> **What is being asked**:
Look below for the line with "used 2025 Kia Sorento car, priced at $29,990" and the line with "68 East Quay Drive, Biggera Waters QLD 4216"; repeat exactly those two lines and all lines between them, but no pictures.

> **Stored data**:
──────────────────────────────

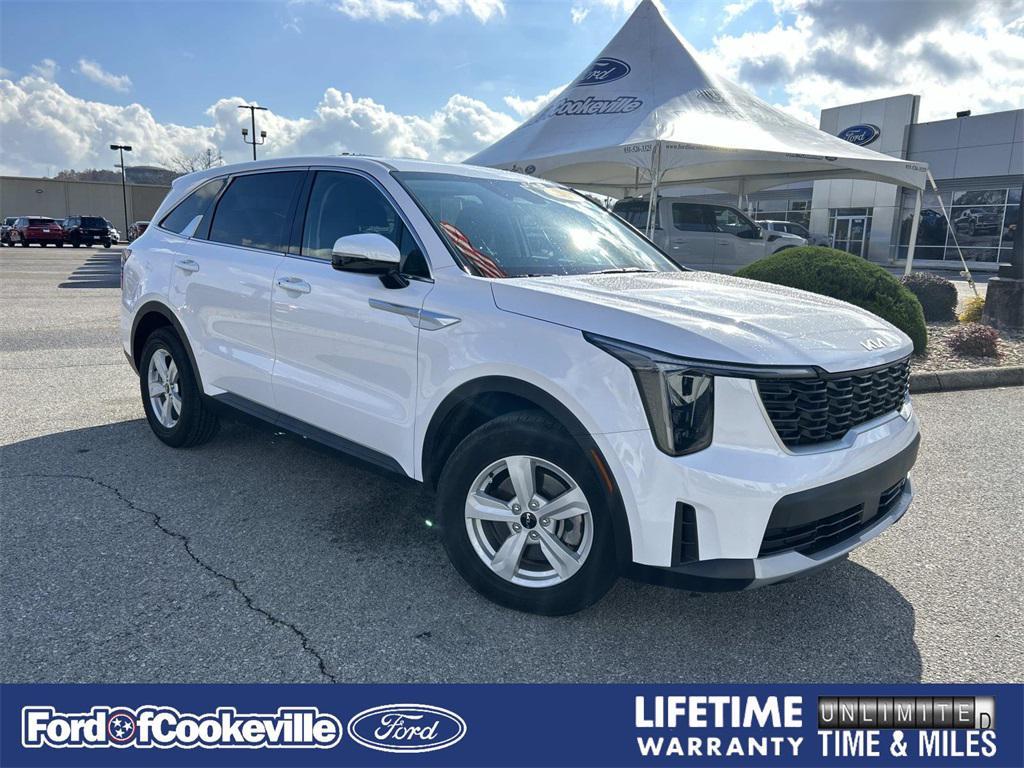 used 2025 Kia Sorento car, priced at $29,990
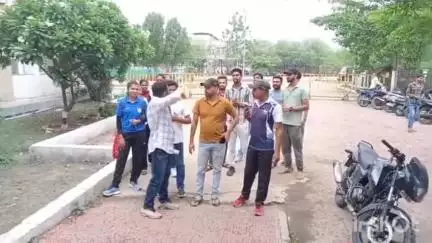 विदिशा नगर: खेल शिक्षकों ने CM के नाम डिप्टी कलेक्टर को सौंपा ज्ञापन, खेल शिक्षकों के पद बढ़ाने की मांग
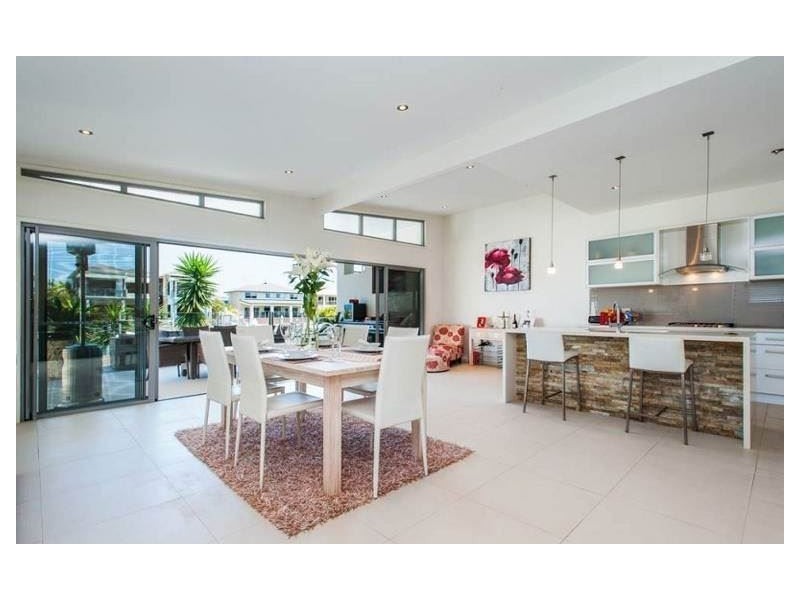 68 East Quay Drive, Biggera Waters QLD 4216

──────────────────────────────

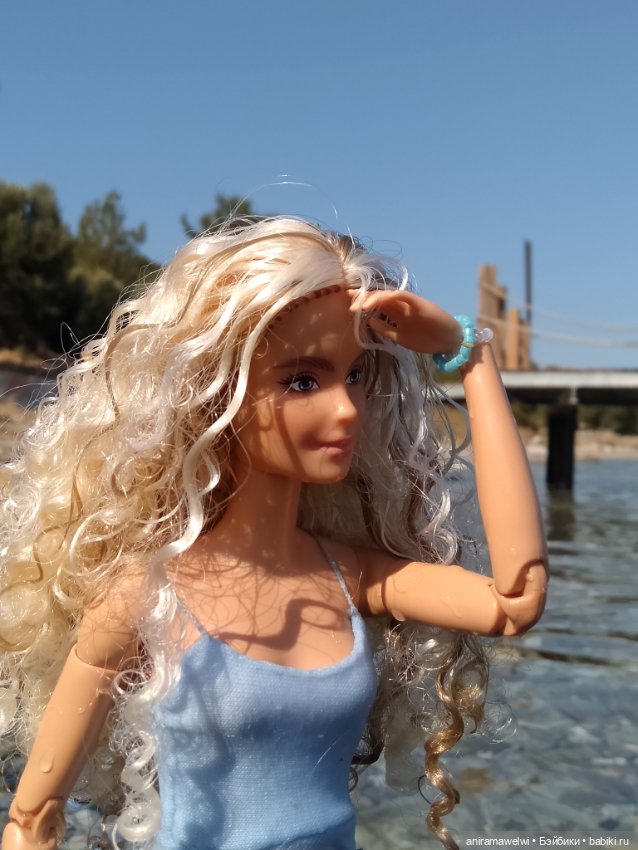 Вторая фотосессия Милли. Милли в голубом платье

──────────────────────────────

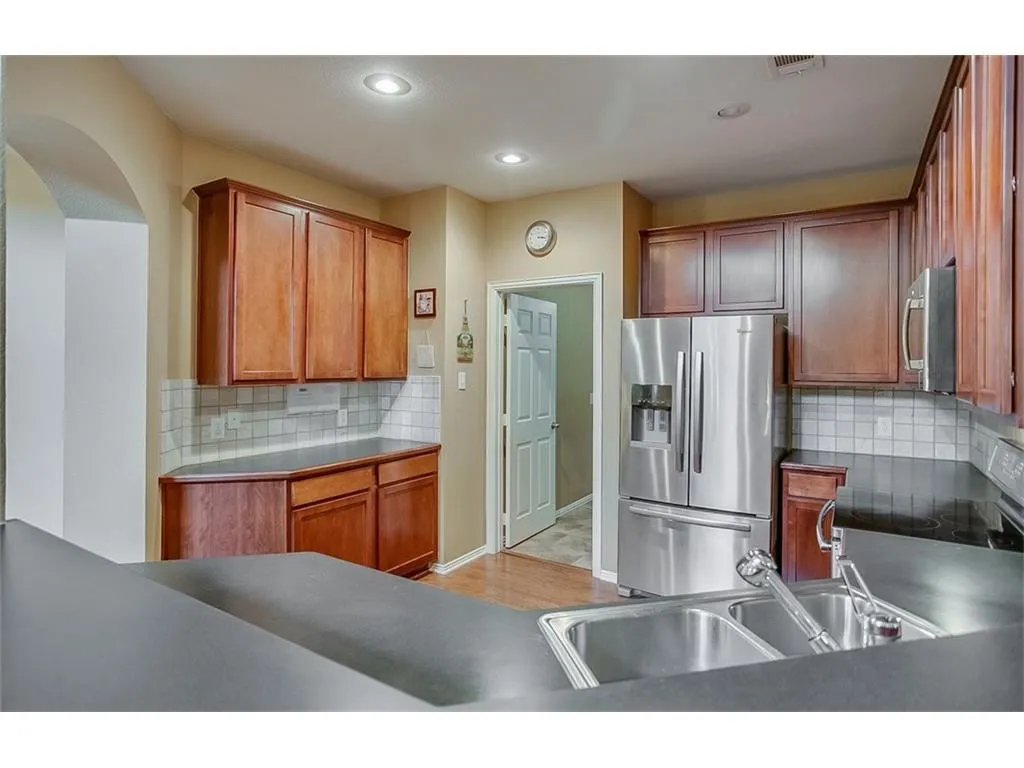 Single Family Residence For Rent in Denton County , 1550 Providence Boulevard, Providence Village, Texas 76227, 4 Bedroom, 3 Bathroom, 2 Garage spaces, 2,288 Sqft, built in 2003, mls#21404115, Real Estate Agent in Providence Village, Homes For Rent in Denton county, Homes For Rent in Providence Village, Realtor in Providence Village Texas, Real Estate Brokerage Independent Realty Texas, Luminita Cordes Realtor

──────────────────────────────

> **Answer area**:
 used 2025 Kia Sorento car, priced at $29,990
 विदिशा नगर: खेल शिक्षकों ने CM के नाम डिप्टी कलेक्टर को सौंपा ज्ञापन, खेल शिक्षकों के पद बढ़ाने की मांग
 68 East Quay Drive, Biggera Waters QLD 4216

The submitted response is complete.